Dans son dernier match face aux 76ers, Oladipo a montré à tous ce qu’il pouvait apporter au collectif. D’abord, ses 19 points et 6 rebonds à 6-11 au tir, dont 3-4 à trois points, constituent une contribution non négligeable sur le plan offensif. Malgré quelques moments d’égarement et quatre pertes de balle, de très bonnes séquences laissent croire qu’il peut encore élever son niveau de jeu.
Chargé de défendre James Harden, l’arrière s’est montré à la hauteur du défi. Quatre possessions consécutives du barbu, en particulier, ont révélé la force de sa défense.

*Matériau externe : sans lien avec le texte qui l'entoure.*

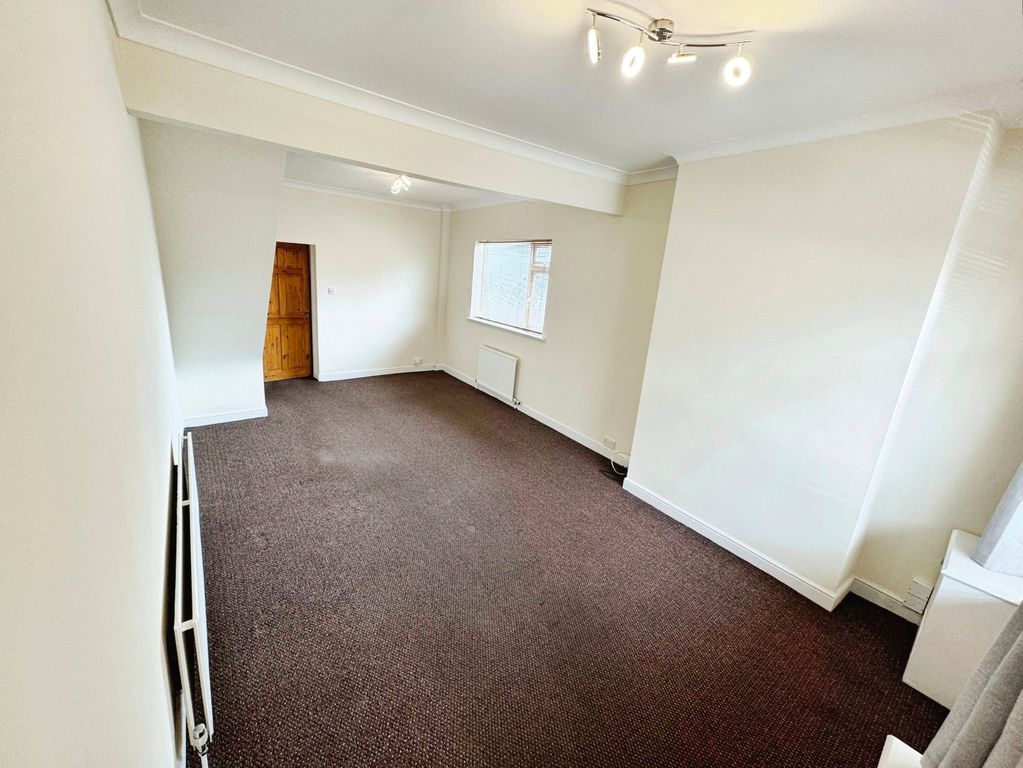 Property photo 3 of 11 Picture No. 52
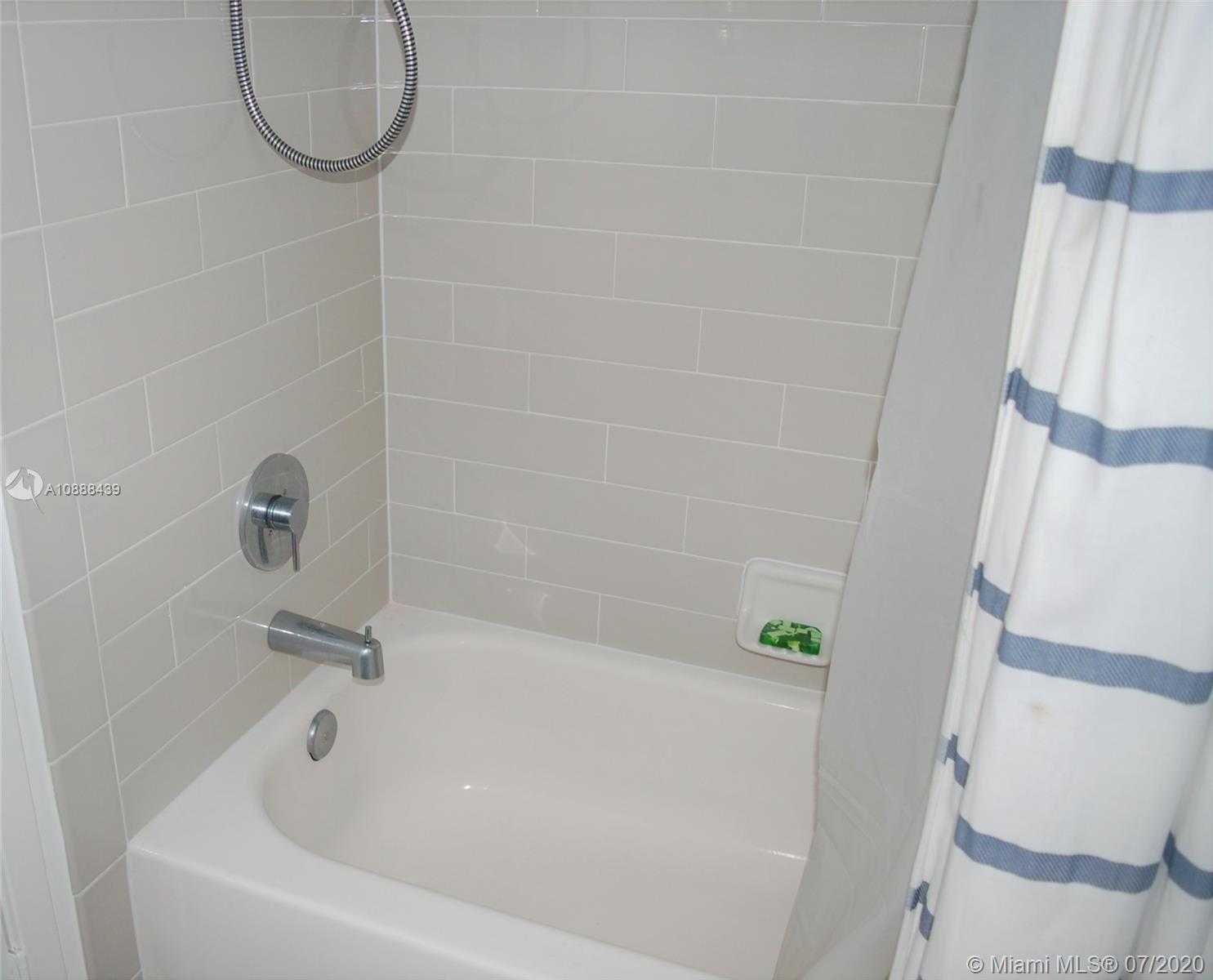 Small Image of 4739 NORTH WEST 48TH TER, Tamarac Number 25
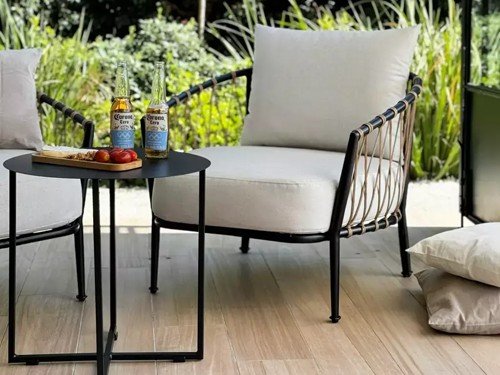 Set de exterior Milan con mesa auxiliar almohadones tela náutica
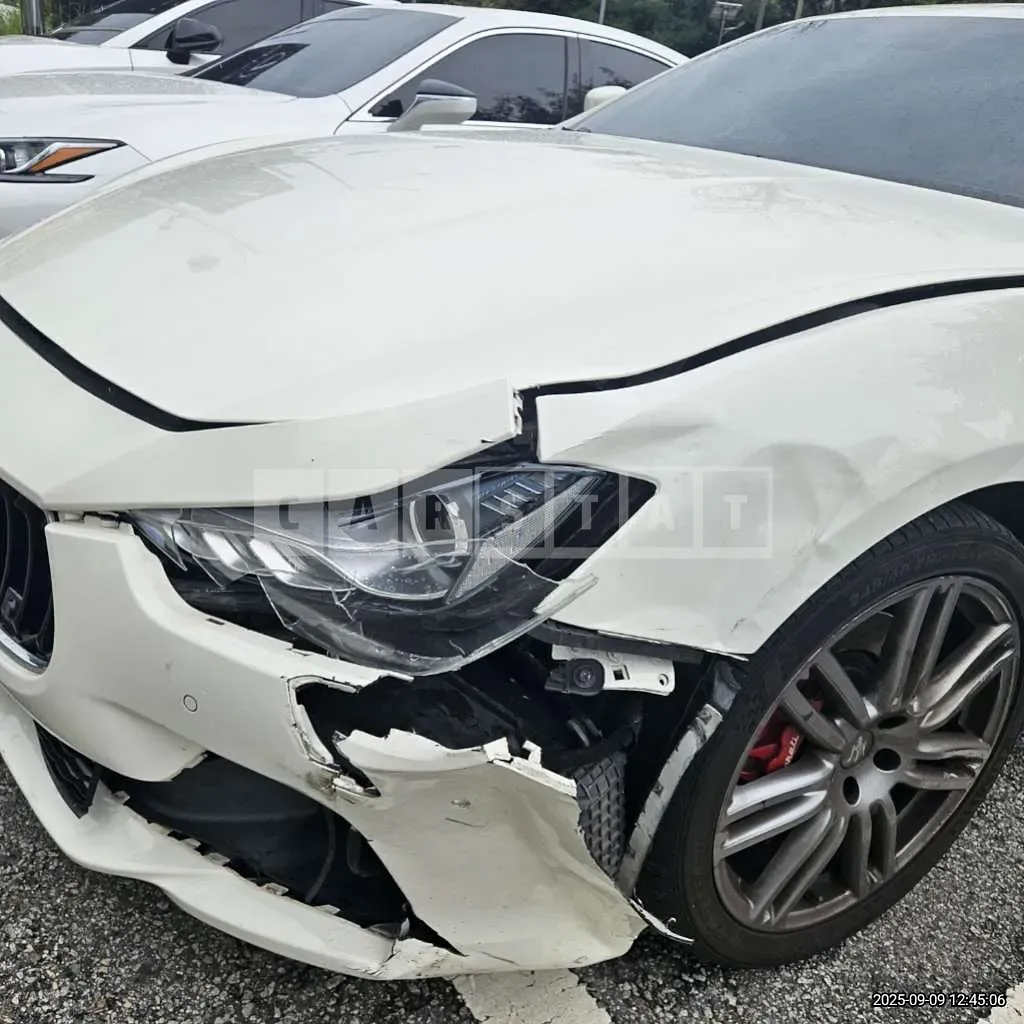 Photo 2 of 7: 2015 Maserati Ghibli S Q4 — Korean insurance auction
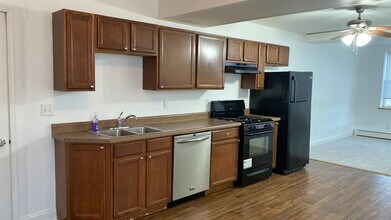 211 W State St, Unit #4 in Johnstown, NY - Building Photo - Building Photo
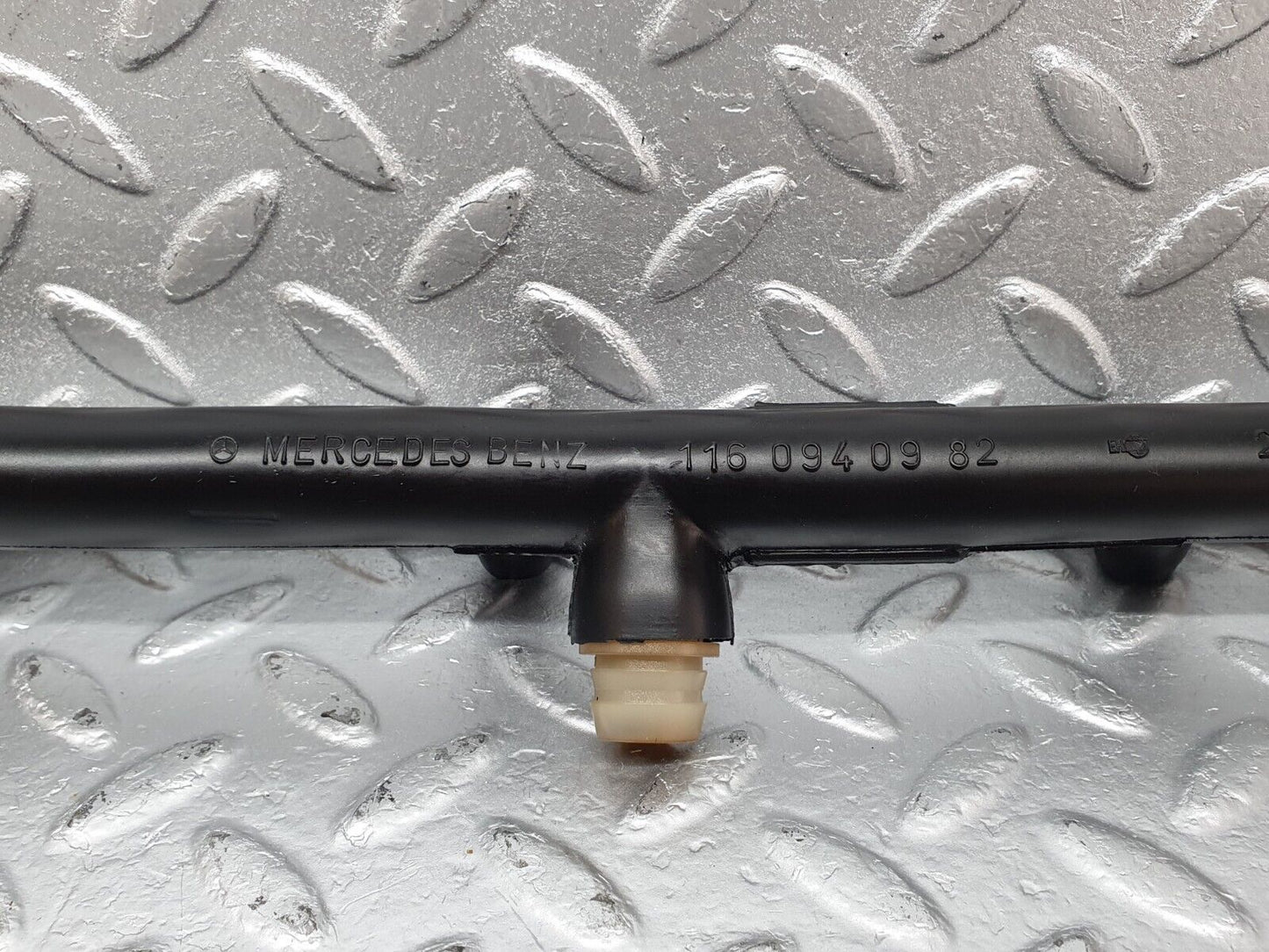 43663 Mercedes-Benz C126 380SEC Coupe Air Intake Breather Hose Pipe 1160940982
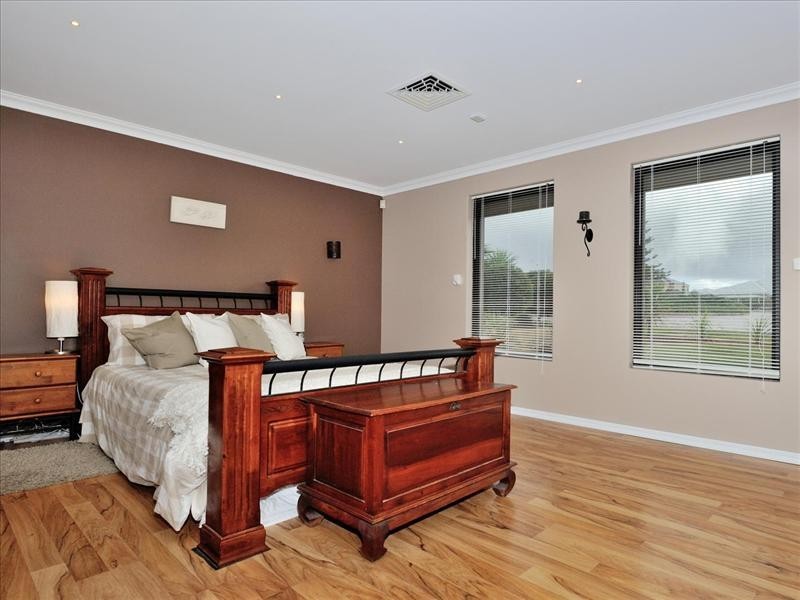 10 Lookout Circle, Ellenbrook WA 6069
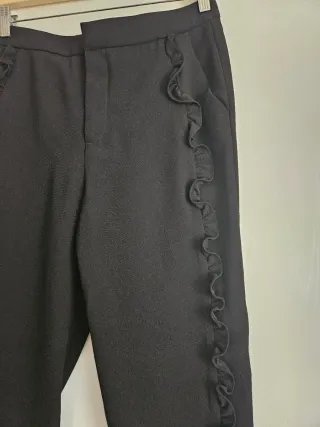 Pantalón Zara pinza volantes negro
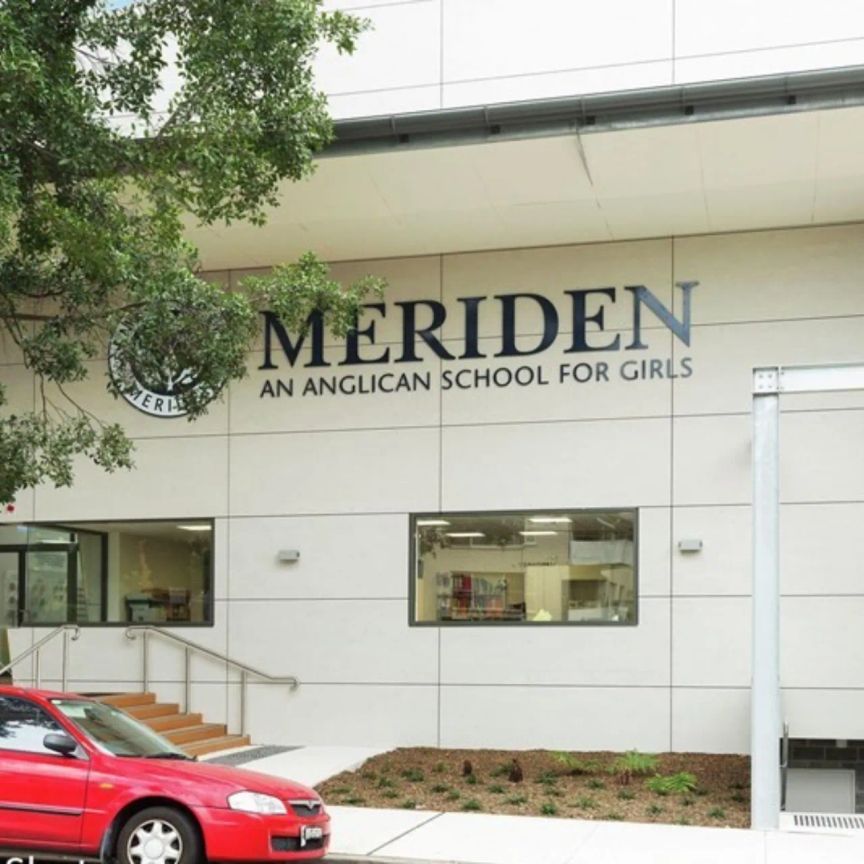 Modern two-bedroom apartment with private entry - Photo 1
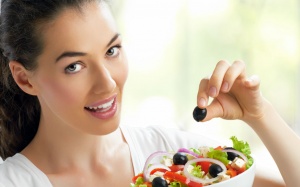 Video: Da khô sần - Ăn gì cho mềm mịn?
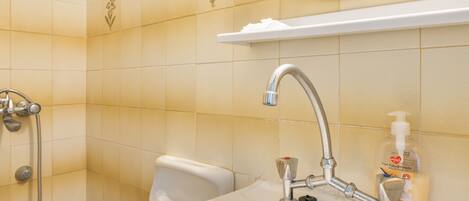 Ein Badezimmer mit Waschbecken, Spiegel und Dusche.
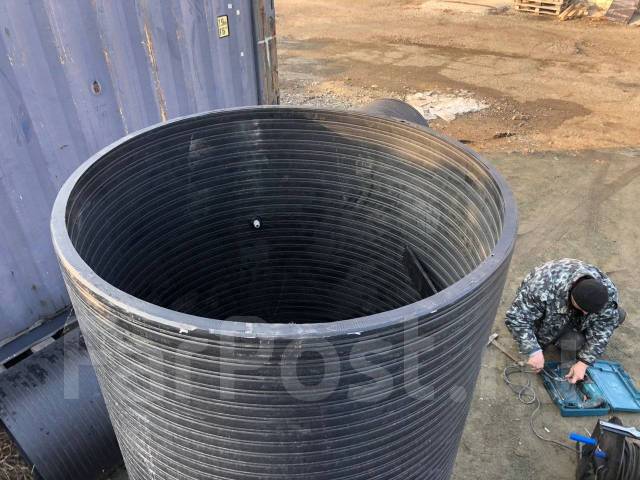 Кессон для скважины пластиковый герметичный Ф1000х2000, под заказ в Находке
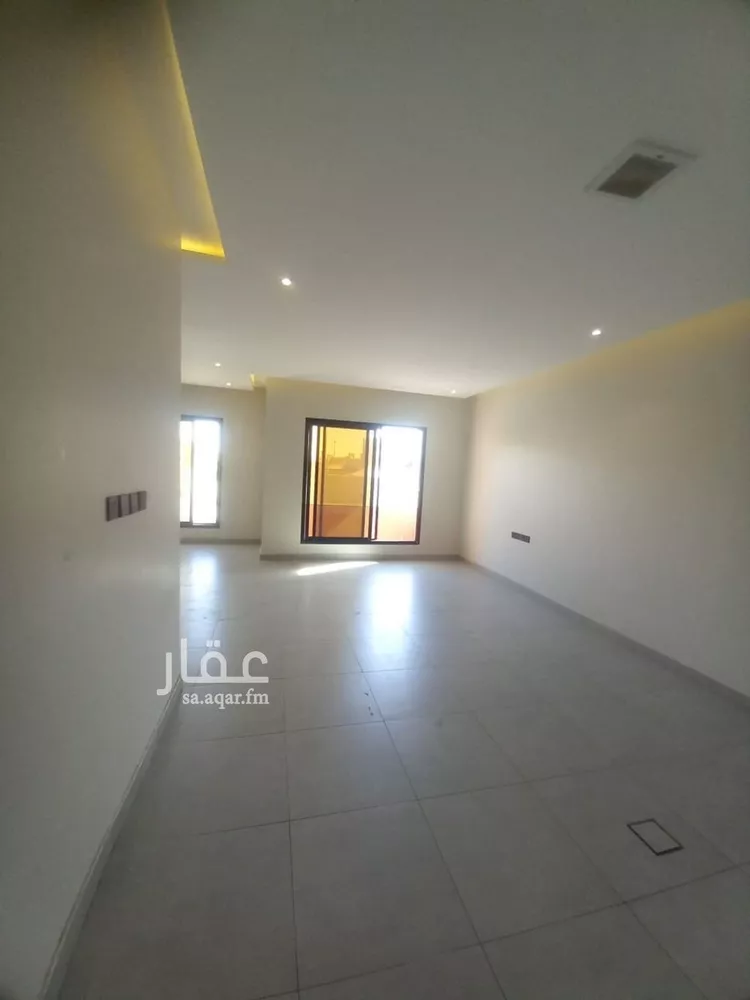 شقة للإيجار في شارع الجميل ابن حاتم, حي ظهرة لبن, مدينة الرياض, منطقة الرياض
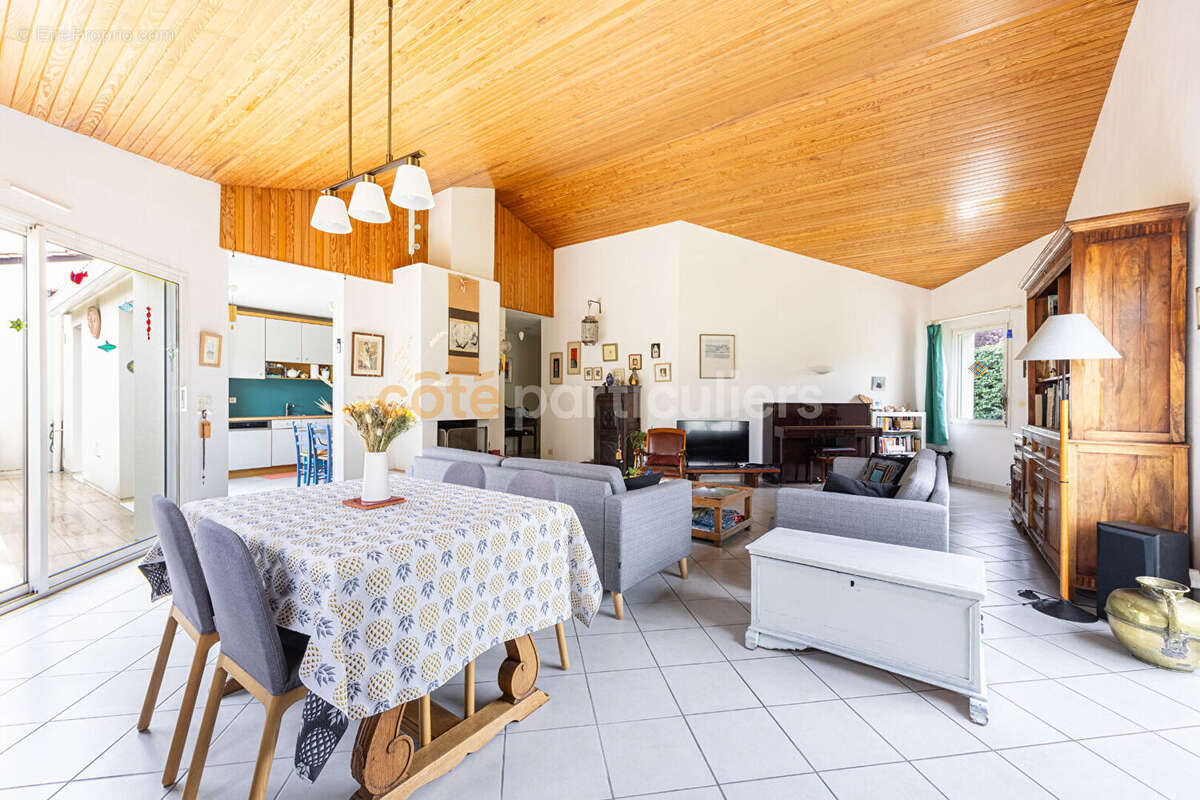 Basse goulaine -- maison familiale 194 m²  -- 5 chambres -- proche centre en impasse -- garage & jardin - photo 4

Le bilan de l’ancien MVP sur ces séquences n’est pas bien glorieux : une passe forcée à Paul Reed, un step-back raté à mi-distance, un autre à trois points, puis un lay-up manqué.
Les talents défensifs d’Oladipo compensent parfaitement les lacunes de Tyler Herro qui, lui, peut prendre en charge l’attaque et écarter le jeu. Voilà pourquoi les deux arrières ne jouent que rarement l’un sans l’autre : 7,8 minutes par match, contre 21,4 minutes de temps partagé sur le terrain.
L’efficacité d’Oladipo et sa complémentarité avec le banc du Heat — sans oublier l’émergence de Max Strus — ont d’ailleurs fait sortir Duncan Robinson de la rotation. Au total, le tireur n’a joué qu’une minute face à Philadelphie. Le malheur des uns fait le bonheur des autres. Cet ajustement est un bon présage pour Oladipo, qui peut espérer garder un rôle d’importance même après le retour de Kyle Lowry.
À 29 ans, Oladipo sera agent libre cet été. La saison prochaine, difficile d’imaginer l’arrière toucher le minimum. Mais puisqu’il est arrivé à Miami dans un transfert, la franchise dispose des Bird rights et est en parfaite position pour le conserver. Il est peut-être un peu tôt pour l’affirmer, mais tout à croire que nous assistons à la renaissance de Victor Oladipo, aussi bien sur le plan sportif que contractuel.